*** Supplied information Section Begins ***

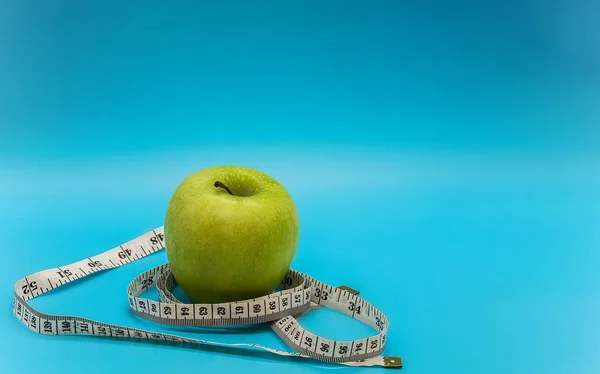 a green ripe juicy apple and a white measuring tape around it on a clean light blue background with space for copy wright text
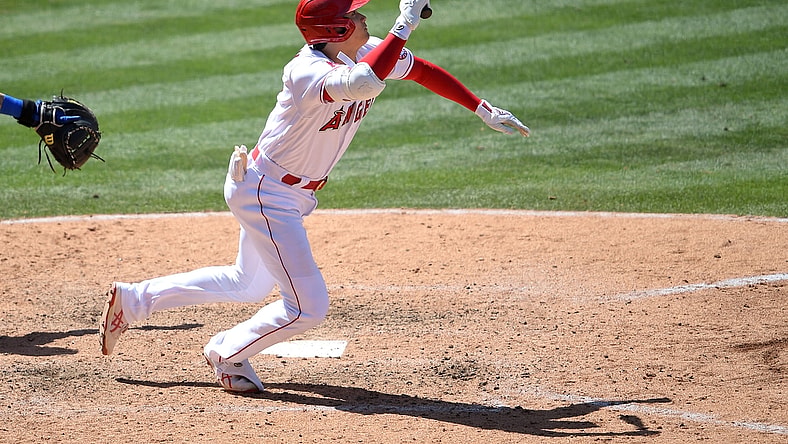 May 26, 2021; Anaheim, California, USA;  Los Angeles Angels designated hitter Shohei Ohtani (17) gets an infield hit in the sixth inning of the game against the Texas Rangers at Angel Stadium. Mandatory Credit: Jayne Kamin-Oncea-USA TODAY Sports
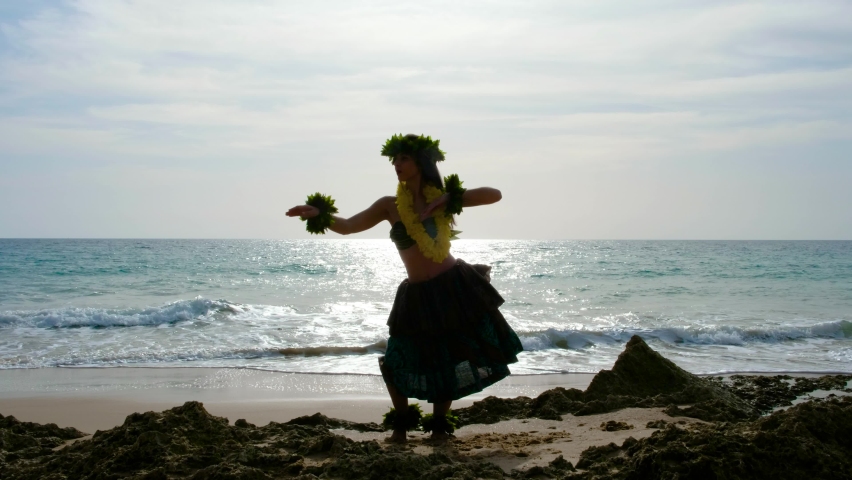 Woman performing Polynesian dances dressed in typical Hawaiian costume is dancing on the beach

*** Supplied information Section Ends ***

Set down all the data again exactly as above, pictures excluded.

 a green ripe juicy apple and a white measuring tape around it on a clean light blue background with space for copy wright text
 May 26, 2021; Anaheim, California, USA;  Los Angeles Angels designated hitter Shohei Ohtani (17) gets an infield hit in the sixth inning of the game against the Texas Rangers at Angel Stadium. Mandatory Credit: Jayne Kamin-Oncea-USA TODAY Sports
 Woman performing Polynesian dances dressed in typical Hawaiian costume is dancing on the beach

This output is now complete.